Combinatorial Co-Sputtering of Mg-Bi-O Thin Films: Structural Evolution and Tunable Optoelectronic Properties

Abstract

Binary and ternary metal oxides offer diverse functionalities, enabling their use in photovoltaics, transparent conductors, water-splitting catalysts, and topological insulators. Despite this potential, many novel oxide systems remain underexplored for thin film solar energy applications. In this work, we present the first high-throughput investigation of magnesium bismuth oxide (Mg_xBi_yO_z) thin films using combinatorial co-sputtering across a wide compositional space. An integrated characterization workflow combining synchrotron-based grazing-incidence wide-angle X-ray scattering (GIWAXS) and spectroscopic ellipsometry is employed to systematically map their structural and optical properties. The as-deposited films are predominantly amorphous, with post-deposition annealing up to 450 °C revealing a strong correlation between Mg content and crystallization behavior.

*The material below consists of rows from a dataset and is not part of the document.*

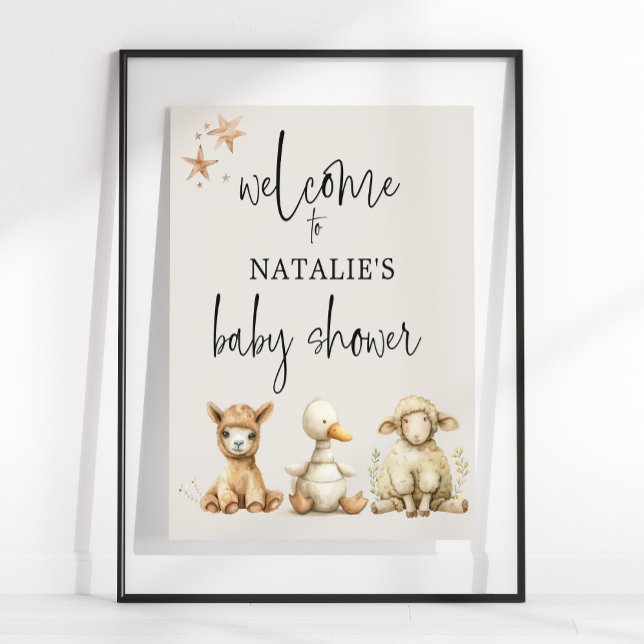Poster Panneau du Baby shower Animaux de la Pépinière vin (Créateur téléchargé)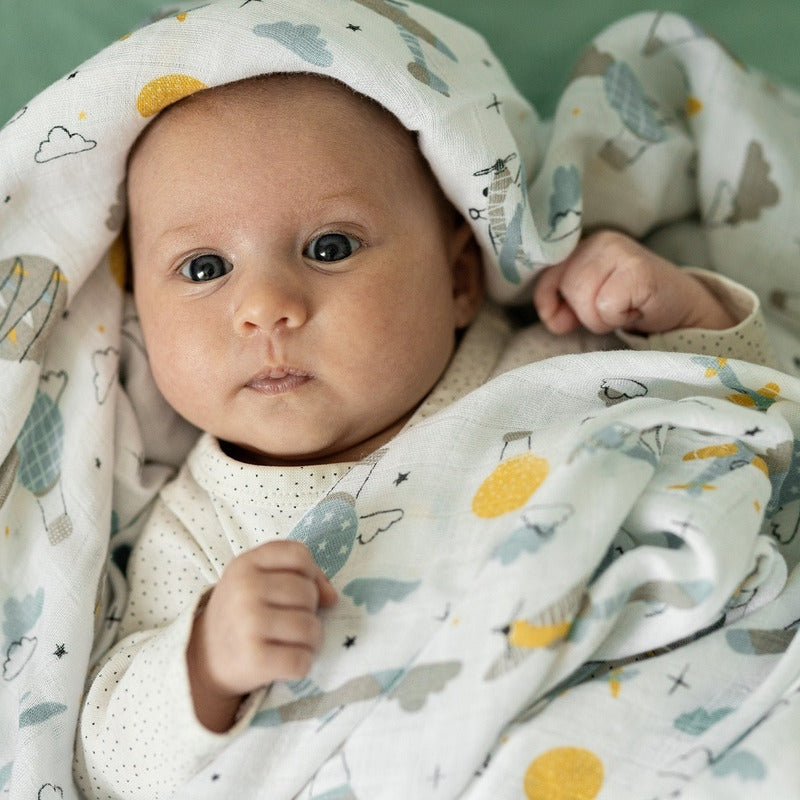 Set 3 scutece, Petite&Mars, Moussy Grey Planes, Din muselina de bambus, Hipoalergenice, 68 x 68 cm, Certificate Oeko Tex Standard 100, Multicolor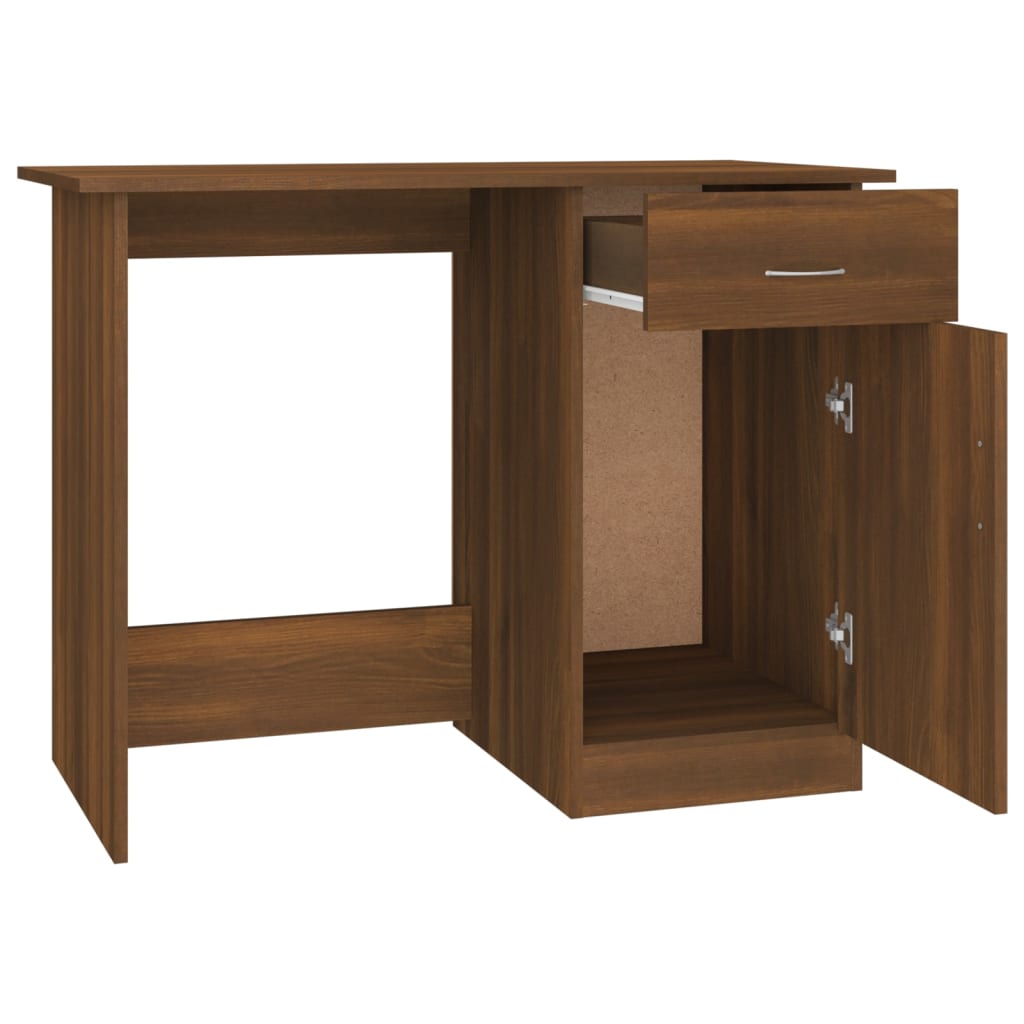 Skrivebord brun eik 100x50x76 cm konstruert tre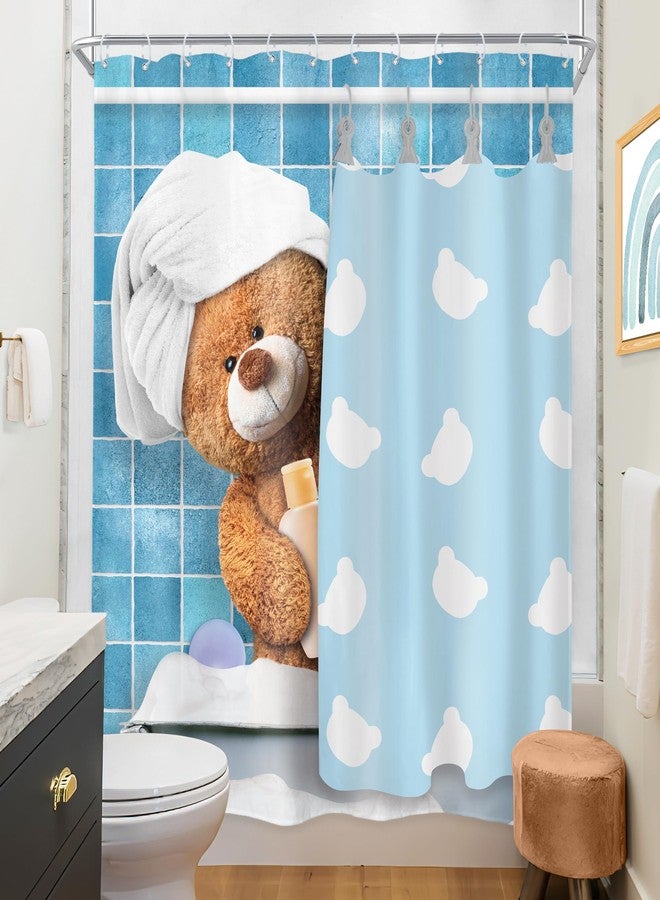 Riyidecor Funny Bear Shower Curtain 60Wx72H Inch Kids Cute Cartoon Blue Bathing Animal in Bathtub Bubbles Lovely Modern for Boys Girls Bathroom Decor Fabric Polyester Waterproof 12 Pack Hooks - Image 4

These structural transitions directly influence the optical properties, with absorption coefficients and band gaps adjustable between 1.7 and 2.3 eV. This study establishes Mg_xBi_yO_z thin films as a compositionally versatile and optically tunable material system, and demonstrates the potential of combinatorial co-sputtering workflows to accelerate discovery and optimization in complex thin films.